Wednesday, August 13, 2008


Steve Carr: a Shot in the Dark
Michael Lett
13 August - 6 September 2008

Just two works in this Carr show, but they’re goodies. One is a beautifully carved, painted bearskin rug, intact with wooden head, positioned on the floor down towards the office. The other - on the wall by the front door - is a photograph of a somewhat hairy gentleman with his t-shirt lifted up, exposing his chest and pushed out, but moderately trim, paunch. Apparently (according to the invite's blurb for this show) he is pretending to be a moose, thereby giving this presentation thematic unity.

Ha! Don’t you believe it. Carr delights in clowning and slapstick gags and this is typical. He is shameless. It is just as likely to be ‘about’ the silliness of distended guts – though he could have found a more genuinely disgusting example. And it could also be a reference to mischievous women spontaneously flashing their tits. Or a meditation on hairy blokes, the patterns their frontal hirsute regions create. An exercise in abstraction, featuring a male pelt set in front of a beautiful plywood woodgrain, it's entitled 'The Bachelor'.
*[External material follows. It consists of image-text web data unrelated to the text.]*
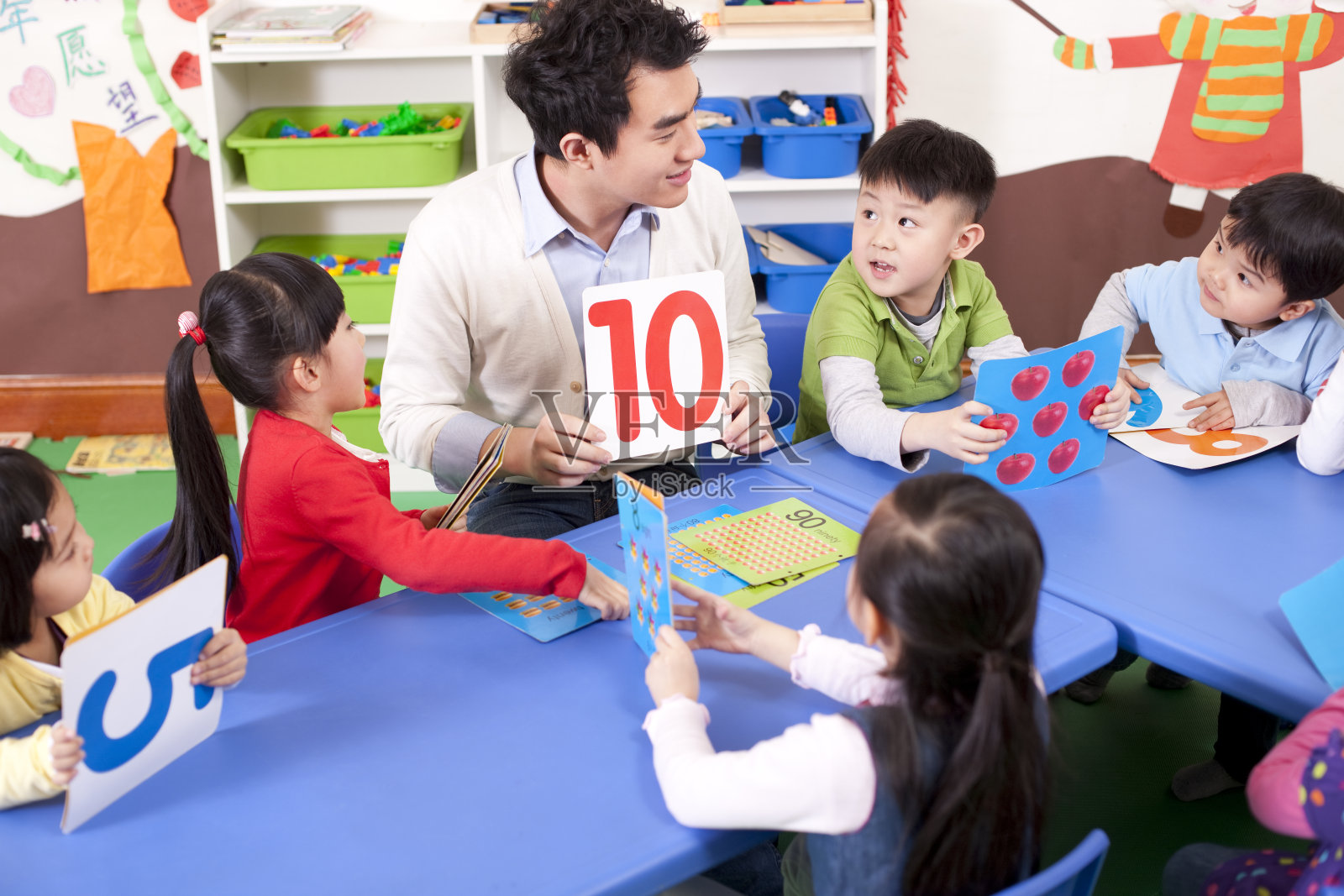 幼儿园老师和孩子们上数学课照片摄影图片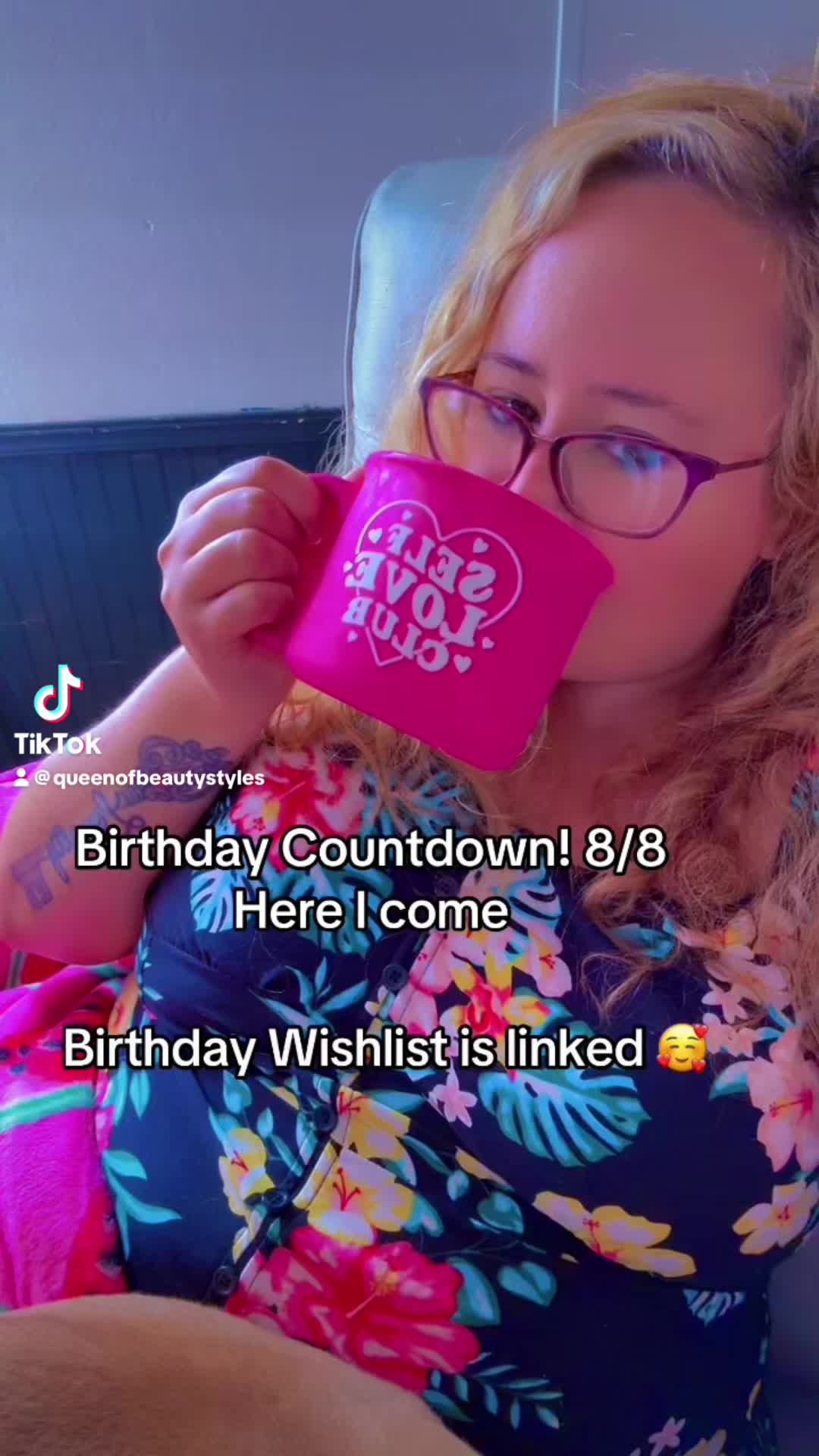 @curvywithcake🍍🌈
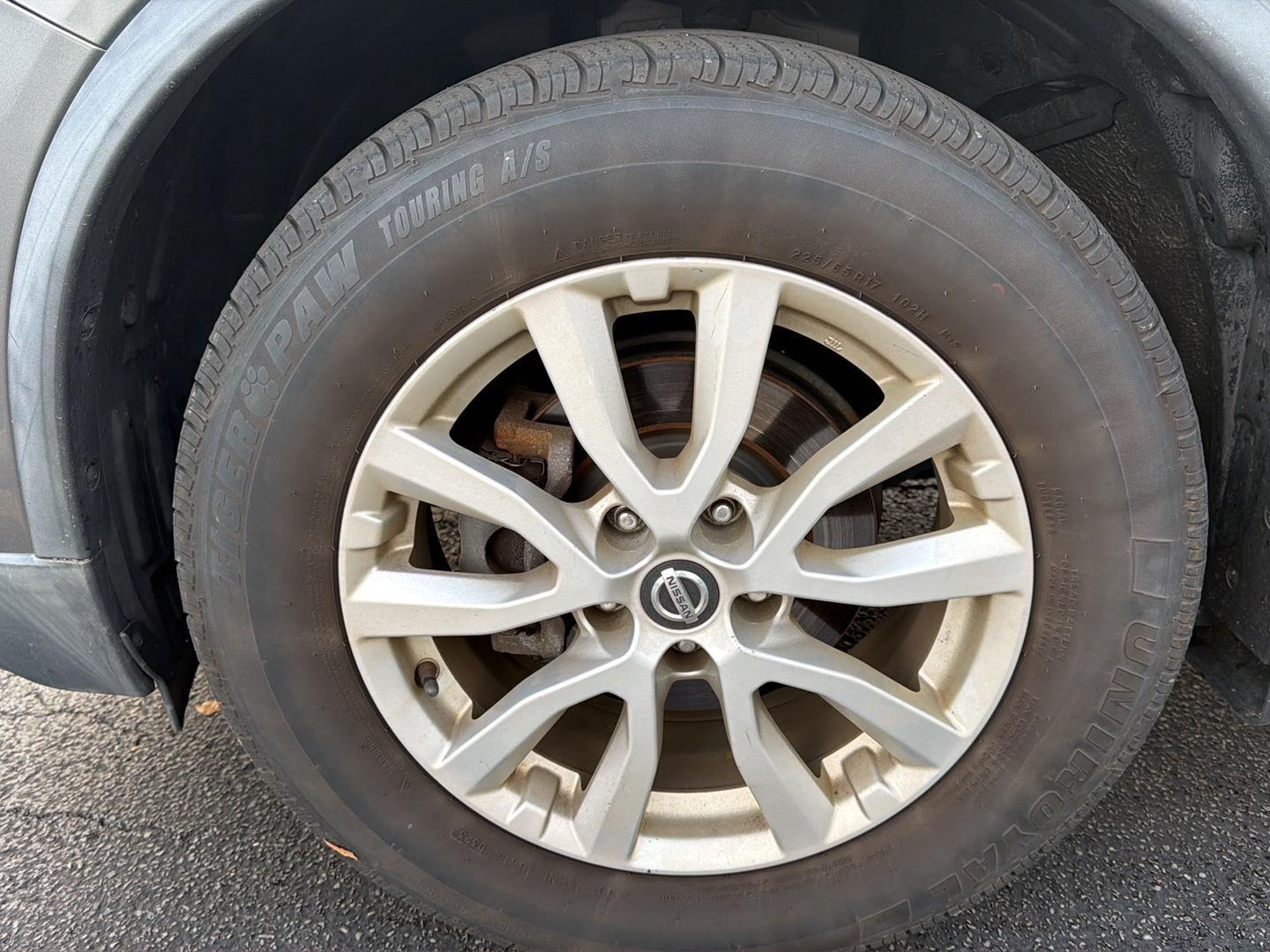 Used 2019 Nissan Rogue S SUV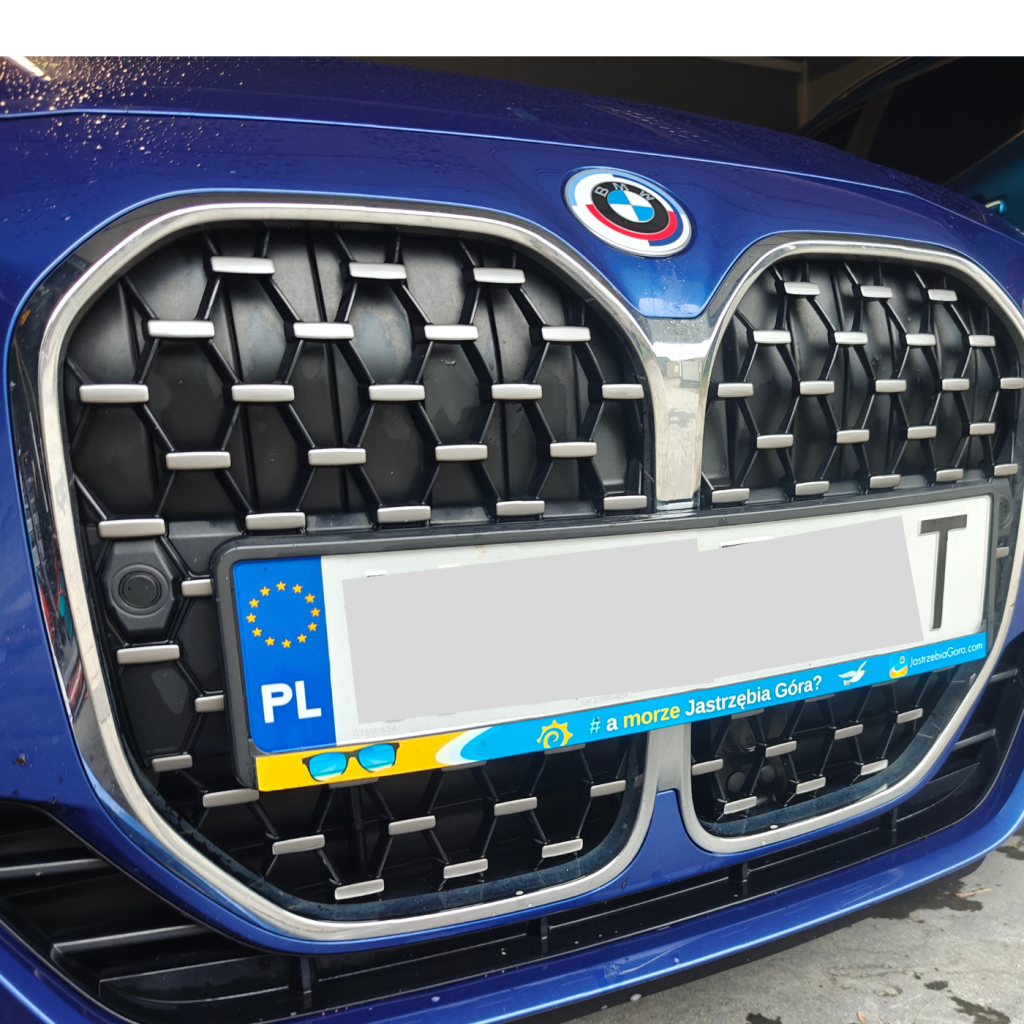 Ramka samochodowa z napisem „A morze Jastrzębia Góra?” – ozdobne wykończenie tablicy rejestracyjnej.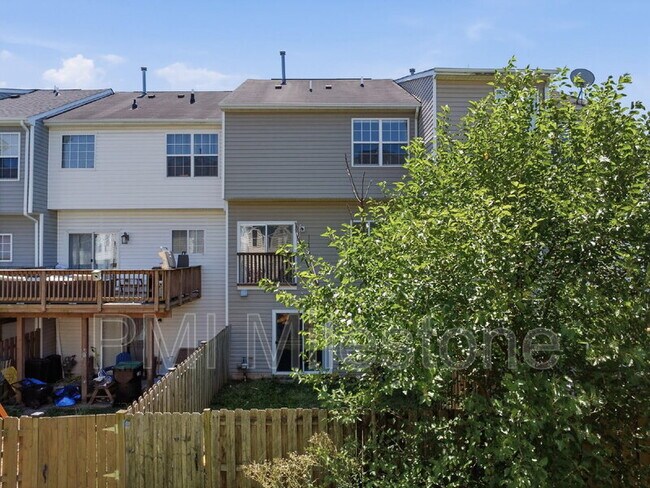Building Photo - 47 Hokes Run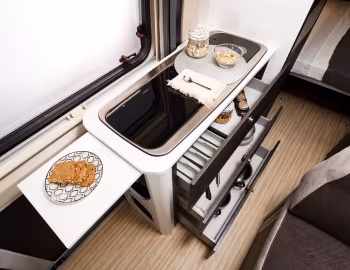 Interior 2021 Benimar Benivan 116up '2020–21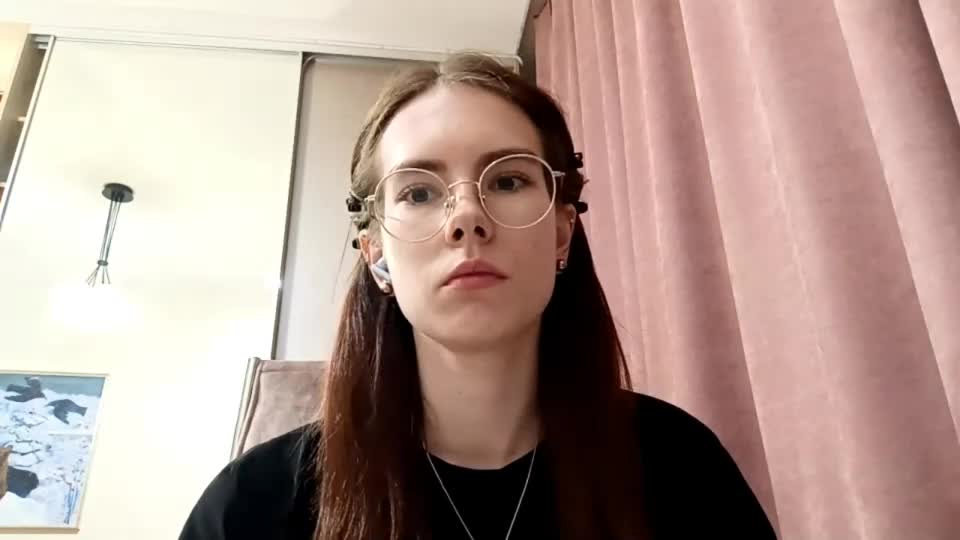 tawnyzenisek Webcam Chat August 10, 2026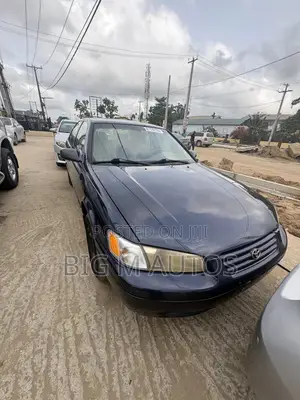 Toyota Camry 2000 Blue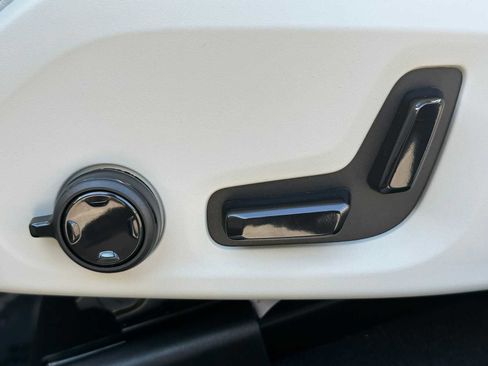 New 2025 Volvo XC60 B5 Ultra w/ Protection Package Premier image 22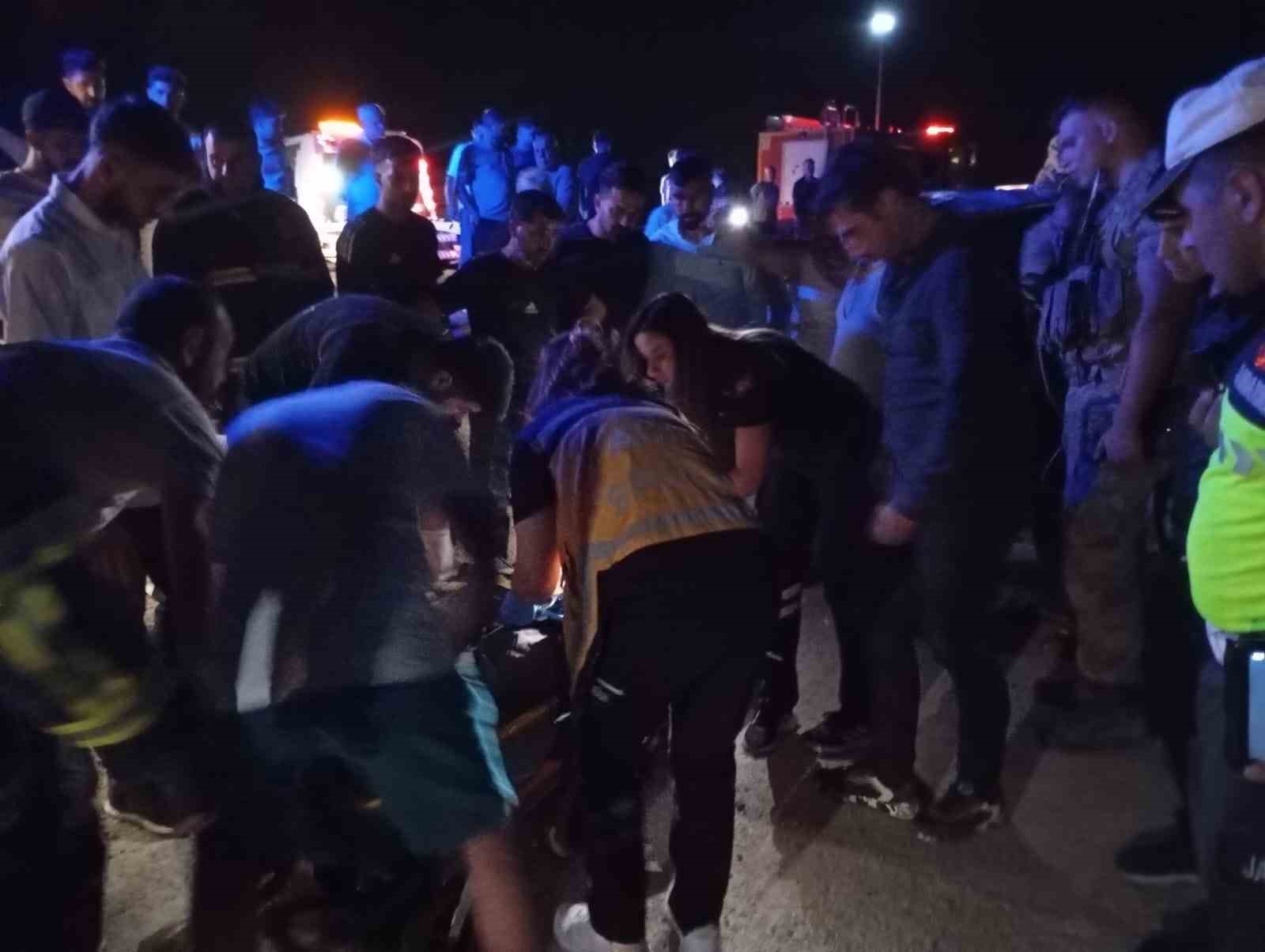 Mardin’de devrilen hafif ticari aracın sürücüsü ağır yaralandı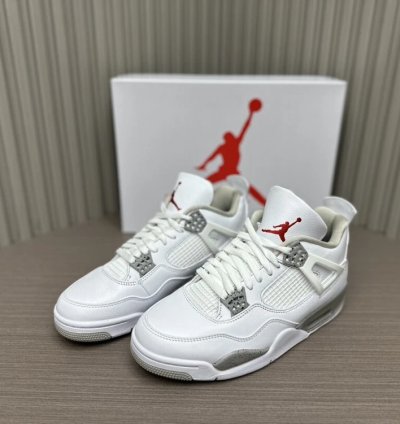 Air Jordan 4 Retro White Oreo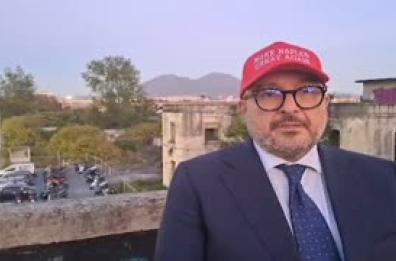 Sangiuliano sfoggia il cappellino alla Trump: "Make Naples Great Again" Sangiuliano sfoggia il cappellino alla Trump: "Make Naples Great Again"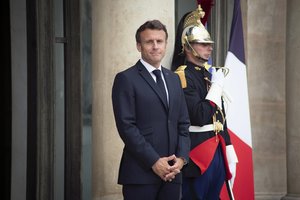 E. Macronas su ministrais ir pareigūnais aptarė pasirengimo Paryžiaus olimpiadai klausimus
Thick bearskin rugs? Aren’t they meant to be used – alongside roaring midnight fires – as settings for romantic coital activity? Rolling around on this one with your beloved might be a little painful. It seems to allude to folk art, maybe that of Eastern Europe, but perhaps also the many carvings presented by Jeff Koons. It’s a clever idea and the two very funny works deserve your attention. Don’t miss them.

1 comment:

andrew said...

hardly a belly laugh truth its hard to bear.